Activity
What's needed is an exact copy of all the data below, without pictures.

Data shown
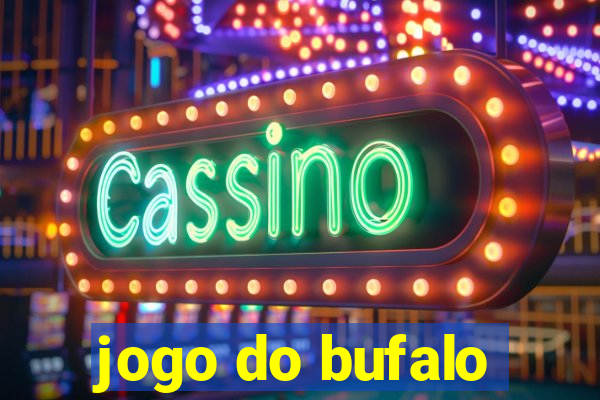 jogo do bufalo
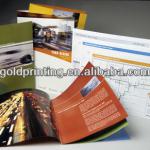 Custom flyer/leaflets/brochure/booklets printing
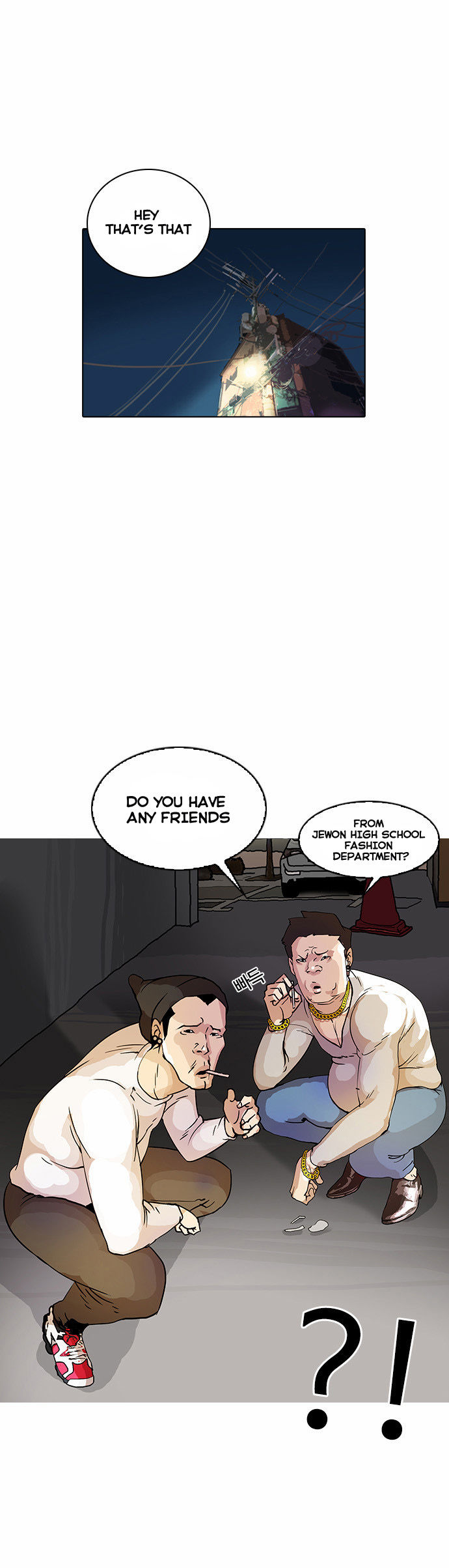 Read Lookism en Manga Online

Exercise response
 jogo do bufalo
 Custom flyer/leaflets/brochure/booklets printing
 Read Lookism en Manga Online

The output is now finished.